Work In Progress

Drama and characters (Random Thoughts)

Having watched Season 1 and most of Season 2 of Dawson's Creek, and having read the episode synopses for the remaining 4 seasons, one of the things which really struck me is that a drama — written like Dawson's Creek — is fundamentally cruel. The same people need to be fodder for drama all the time, and so they must be constantly tormented. Everything given must eventually be taken back, and it often is before long.

This is the fundamental weakness of television — it can't tell love stories. Television doesn't end, so it can't have a "happily ever after"; it must go on, and it must be entertaining.

I think that dramatic series are fundamentally stronger when something good is permitted to last. I occasionally think that television is largely written by sadists who can't stand there to be anything good. It's very difficult to find a television show with an arc which isn't all about destruction. (Another thing which television suffers from is that actors often move on, making television character's lives even more unstable.)
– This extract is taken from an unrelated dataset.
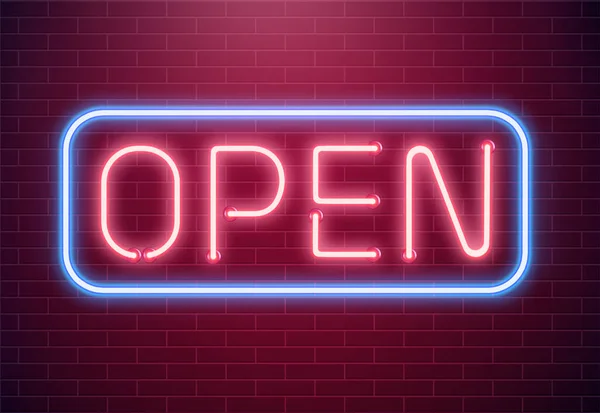 Bar open light Neon Sign. Night store red glowing letters . Open 24 hours sign — Stock Vector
The exception, I think, are comedies. The Nanny was about a romance between Miss Fine and Mr Sheffeild; eventually they were married. There are, surely, other examples of this, though they don't come to mind at the moment. The reason, if I'm correct about this trend, is that comedies get their primary material from the small things, whereas drama takes its main material from the big things. Thus comedies can have happy characters, whereas dramas are always mean to their characters.